→ **Work required**: From the line containing "7.8 x 7,7cm (Bildfläche)" to the final line of the entries, every line is to be reproduced exactly; no other line belongs in the output.

→ **Source data**:
________

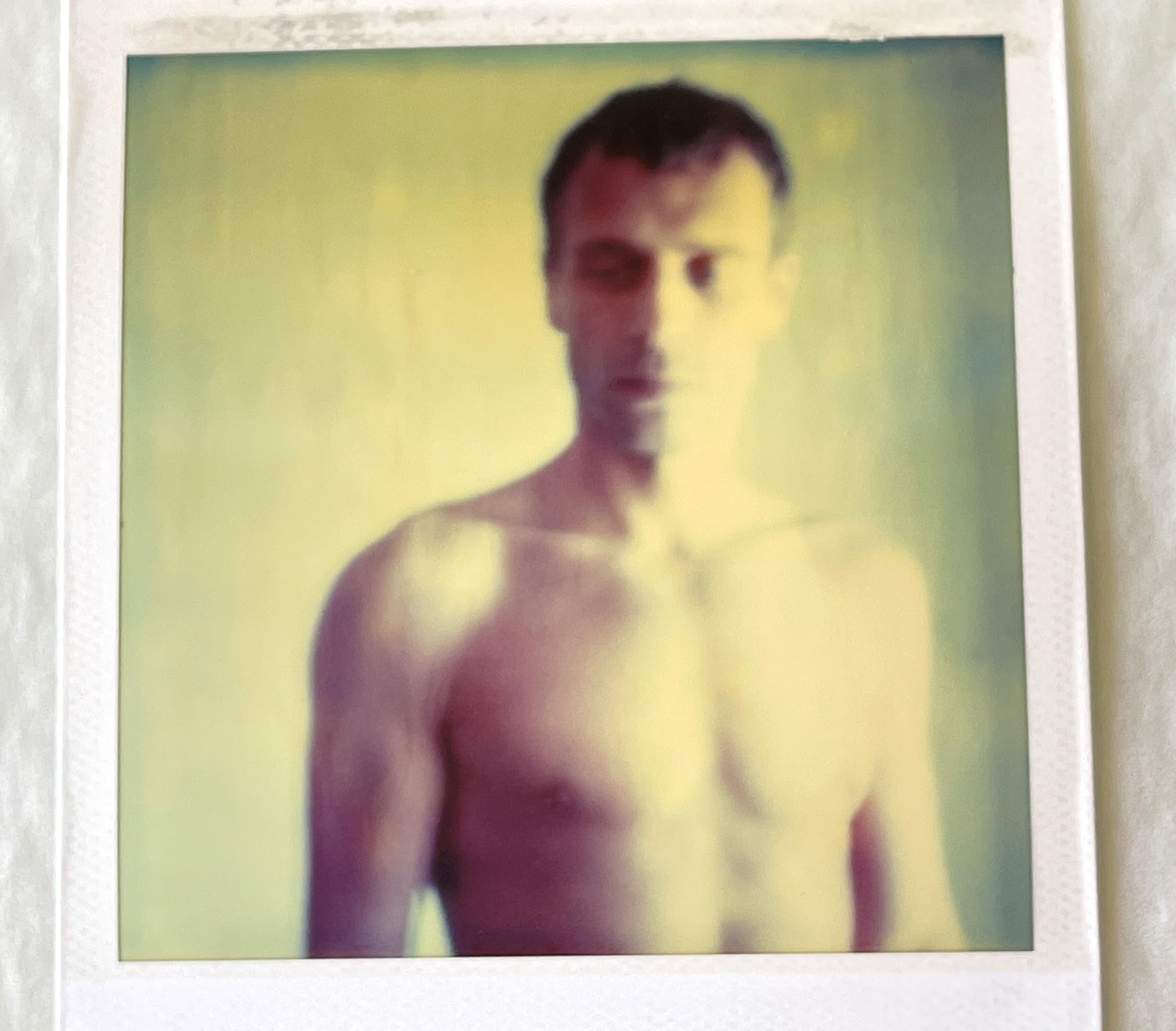 Mind Screen (Fremder als das Paradies) - 1999

Polaroid - Einzigartiges Stück 1/1, 
7.8 x 7,7cm (Bildfläche)
10,7 x 8,7 cm (einschließlich weißem Polaroidrahmen).
Künstler-Inv. #22872
Verso signiert. 
Nicht montiert. 

Stefanie Schneiders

________

→ **Response for this exercise**:
7.8 x 7,7cm (Bildfläche)
10,7 x 8,7 cm (einschließlich weißem Polaroidrahmen).
Künstler-Inv. #22872
Verso signiert. 
Nicht montiert. 

Stefanie Schneiders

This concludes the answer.